What do you call bacon with salt on it
Salt and Peppa
American cherries generally do pretty well at high school. Many of them end up on the cherryleading squad.
How is coffee better than a woman?
It goes down way easier.
I don’t want naan of that. Neither do I!
Why does the lettuce always win the bodybuilding competition?
Cuz it starts a head and is usually shredded.
Have you ever tried pineapple milk? Do you know where it comes from? Obviously from the pine – nipples!
A storefront that boasts a fruit pun, just peachy.
This is a taco and burrito conversation.
Nachos.
How do monkeys get down the stairs? They slide down the banana-ster!
What do you call someone who’s crazy about corn?
A corn-ivore!
What is the cherry fruit's favorite American talkshow? The Cherry Springer Show of course!
What kind of cheese makes the best music?
Brieoncé.
What's a barista's favorite exercise at the gym? The French press.
It peels nice to be voted in as the most appeeling model in the contest.
What do you do if you see a blue banana? Try to cheer it up.
We had made everything for the party and the groom came in, did a quick assessment and didn’t seem amused. “Orange you glad we did this?” we asked him.
I love you a tot!
What is the best part of Valentine’s day?
The day after, when all the chocolate goes on sale.
Where does a potato go to college? DeFry
Why did the hamburger dress up as a computer? Because he wanted to be a Big Mac.
On Valentine's Day, the peach said to his wife, "You will always have a peach of my heart!"
What do you call a self-obsessed egg?
An eggomaniac.
I replaced the milk in the carton with lemon juice. Everyone was really sour about it.
My banana grandad got in an accident last year, he bruised like a peach!
What did the coffee say to its date? Hey there, hot stuff.
What do you call a bee that makes a milk?
Boo-bee
Inviting cherries over for a drinks party is easy. Simply start your invitation with “You are cordially invited…”
So yesterday I saw a bottle of ketchup steal a bottle of mustard
'Twas saucepicious
Cherries go all out when they go to festivals. You’ll probably see loads of them, running around in pie-dyed shirts.
What kind of wine do traffic cops like best?
Fine wine!
Due to unusually successful harvests of chickpeas this year, the price of hummus is going to fall dramatically.
Buy the dip.
What do we get when we mix an iPhone and a Christmas tree? A pine – apple!
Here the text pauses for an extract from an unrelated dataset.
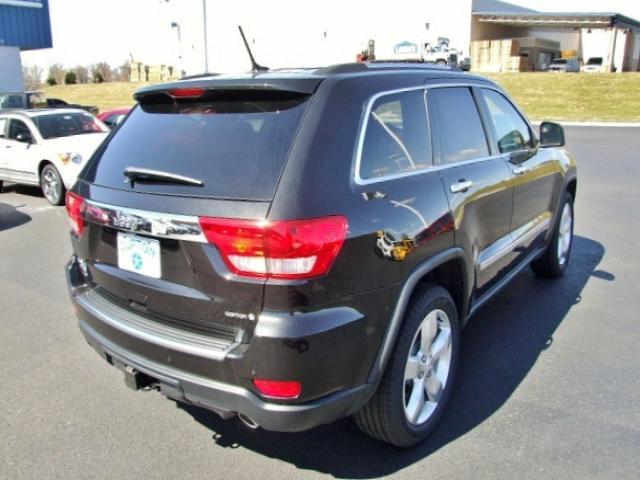 Jeep Grand Cherokee 2011 photo 5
What do you call a pickle from the southern backwoods.
A hill-dilly.
How do you get a squirrel to be your friend?
Act like a nut.
The cashew called the peanut boring.
The peanut felt very unsalted.
I went to watch a play and there were so many peach errors in the dialogues.
How do little avocados get what they want?
They spread it on thick.
What was Valentine’s favorite dessert for the French cat?
Chocolate mousse
What type of keys does the gingerbread man unlock his door with? cook-keys!
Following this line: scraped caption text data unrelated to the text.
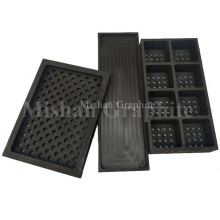 Custom High Purity Carbon Graphite Box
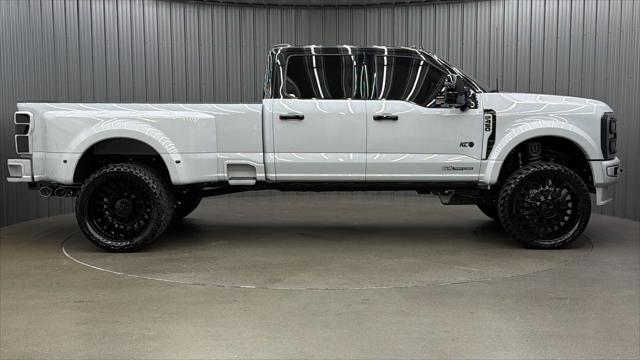 2026 Ford F-450 Platinum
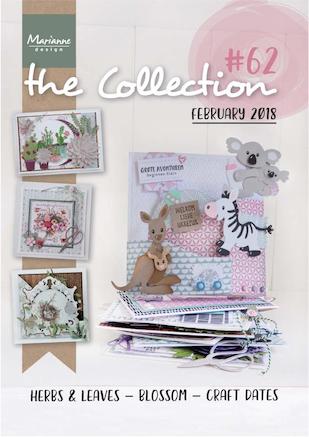 Cover of Marianne Design Collection 62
Which Oiler great had a soft spot for Indian food? Jari Curry.
It’s too bad the man couldn’t quit his job at the bakery. He really kneaded the dough.
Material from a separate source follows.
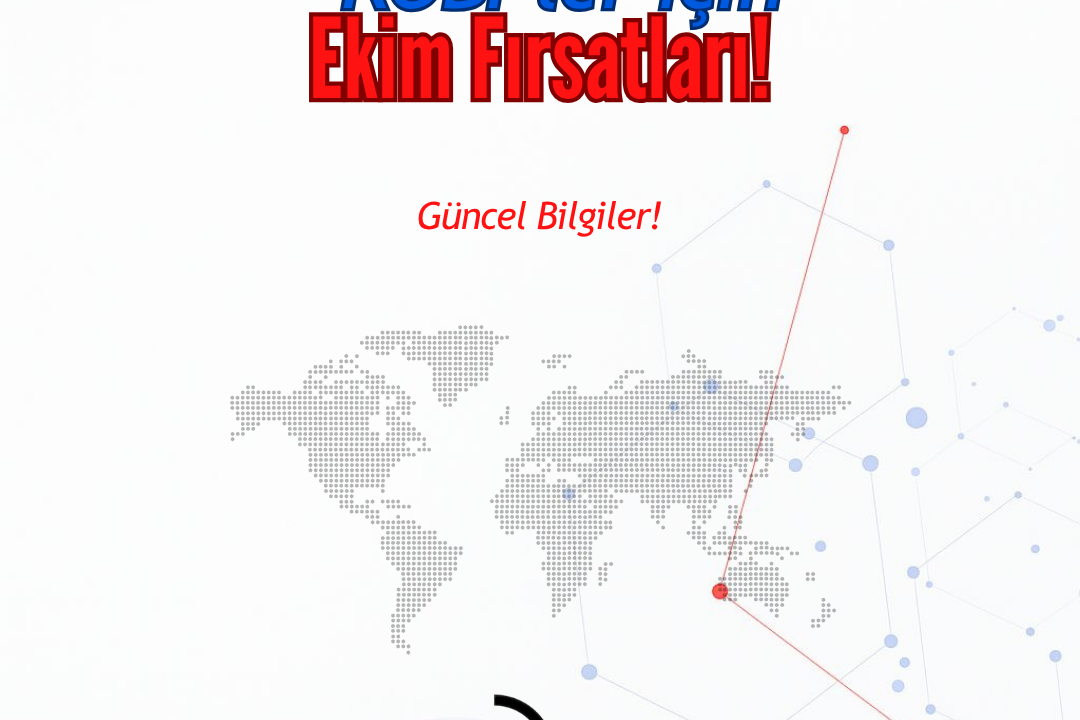 KOSGEB Kapasite ve İş Geliştirme Destekleri Başladı!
What did four of the last five presidents drink? Left-Tea.
What does a cat like to eat on his birthday? Mice cream and cake!
Why does it take a while before a peach leaves a fruit basket? They have to give a goodbye peach first.
A Blueberry asked a strawberry to go to hell.
That was berry rude of him
When do they smother a burrito in cheese? In best queso scenario.
What do you call a hobbit who has bad breath? He is known as Lord of Onion Rings!
Sometimes, all you need is to shake a few trees to find the perfect peach for you.
Why did the teapot get in trouble? Because he was Naught-Tea.
"You focaccia bag, crumb back and get it."